Sustainability and environmental impact of plastic

Plastics, more technically referred to as polymers, are a class of materials that can be engineered to assume a broad range of physical properties. Commercial plastics play a leading role in many sectors, from medicine to energy, because the low cost, ease of processing, and customizability are attractive. The low cost of plastics has led to numerous problems in their disposal; current environmental problems include the Pacific garbage patch, infiltration of microplastics into waterways, and leaching of plastic additives from landfills.
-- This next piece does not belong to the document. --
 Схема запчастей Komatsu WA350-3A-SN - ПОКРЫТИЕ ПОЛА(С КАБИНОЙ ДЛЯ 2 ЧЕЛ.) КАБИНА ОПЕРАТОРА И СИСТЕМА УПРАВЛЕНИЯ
The Pacific garbage patch is not one, but many large aggregates of waste plastic floating in the oceans. Circular ocean currents, known as gyres, cause the floating rubbish to collect into dense, island-like structure that cover many square kilometres. The rubbish can ensnare marine animals and may be ingested, causing deformities and death. Whilst the degradation of petroleum-based polymer is very slow, the breakup of plastic into smaller particles occurs, allowing the plastics to spread more widely. Recent efforts to remove plastics from the oceans include The Ocean Cleanup, which harnesses natural recirculation flows within gyres to move particulates into capture nets. In addition to removing plastic debris, marine researchers, like Charles Moore, advocate developing stronger policies to prevent plastic trash from entering the oceans.

 

Petroleum vs bio-sourced polymers

Many commodity plastics are synthesized using petrochemicals, e.g., polyethylene, polypropylene, and polystyrene. They are extremely inexpensive because they are made from the hydrocarbon byproducts of catalytic cracking. Polymers that only contain carbon and hydrogen atoms are known as polyolefins and generally derive from petrochemicals. These polymers require centuries to degrade; consequently, they comprise a major contributor to environmental pollution.
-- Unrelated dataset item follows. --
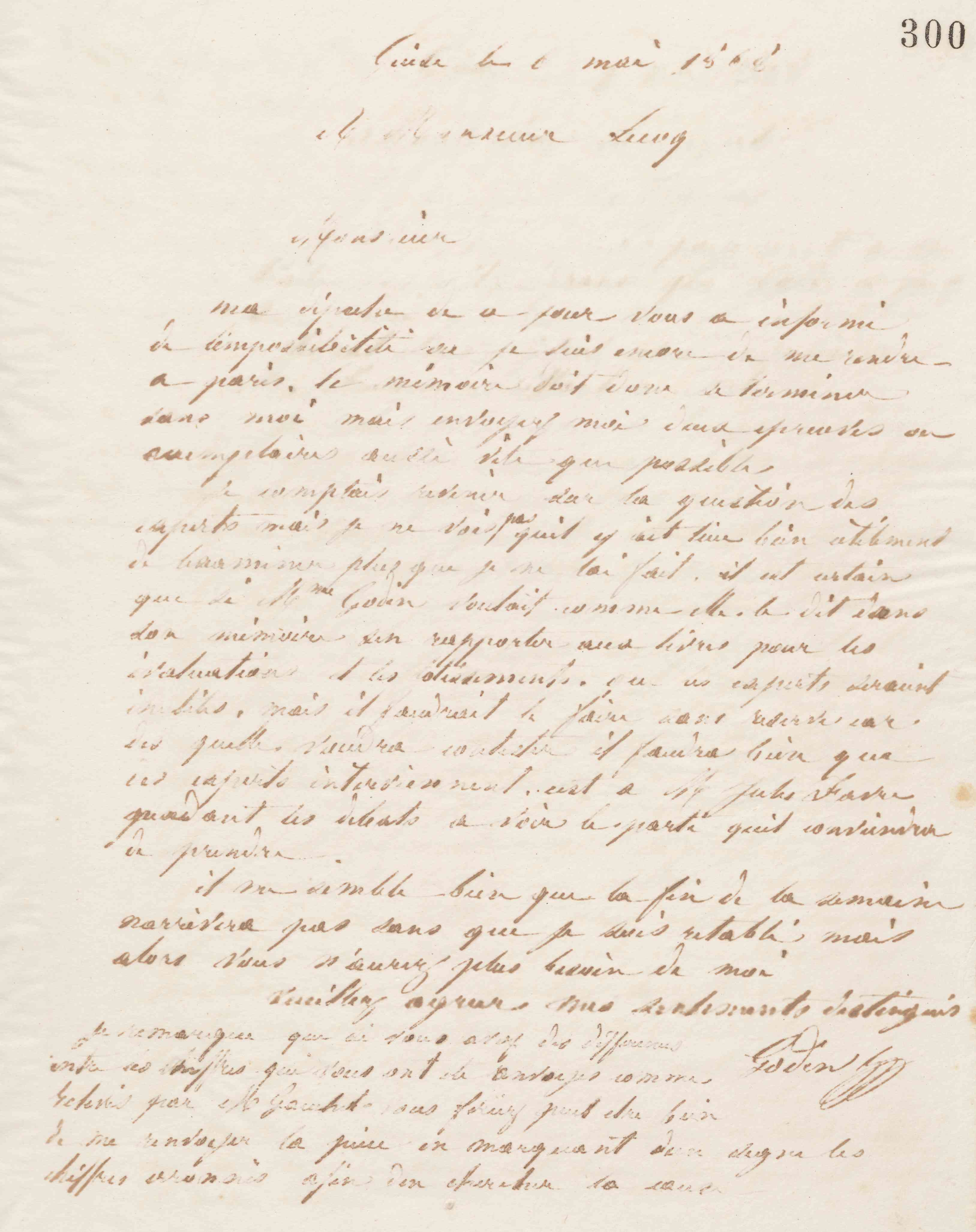 Jean-Baptiste André Godin à André Lecoq de Boisbaudran, 6 mai 1868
Conductive polymers are an example of high-value resins produced from petrochemicals. In order to conduct electrons, the polymer backbone must be conjugated, meaning that single and double bonds alternate regularly along the length of the backbone. The feedstock materials required to produce a conjugated structure are presently only available from petrochemical sources. Advances in conductive polymer devices, like solar cells, transistors, batteries, and supercapacitors, have the potential to level the technological playing field across economic barriers, and represent a relatively low-volume demand on petroleum resources.

Biosourced polymers derive from plant and animal materials; examples include chitosan, carageenan, alginate, cellulose, and polylactic acid. Although polylactic acid is made from plants, like corn, the carbon footprint may be high because production relies upon petroleum-intensive farming practices to generate the feedstock. Biodegradable polymers are those that degrade under ambient conditions of temperature and humidity. Clearly, ambient conditions vary significantly across locations; there is presently no standardized certification for biodegradable plastics. Compostable materials degrade under specific composting conditions, which often involve higher than ambient heat and the addition of specialized microbes. Not all biosourced polymers are biodegradable, and not all biodegradable polymers come from biological sources. The term biopolymer may be used to generalize any polymer that is either biosourced, biodegradable, or compostable.

Recycling

Although recycling keeps billions of tons of plastic out of the landfill each year, plastics are fundamentally difficult to recycle because they must be separated by chemical species. Large-scale plastics manufacturing is a commercial reality, so it is the job of today’s polymer scientists to direct the course of research towards increasingly sustainable materials and processing methods.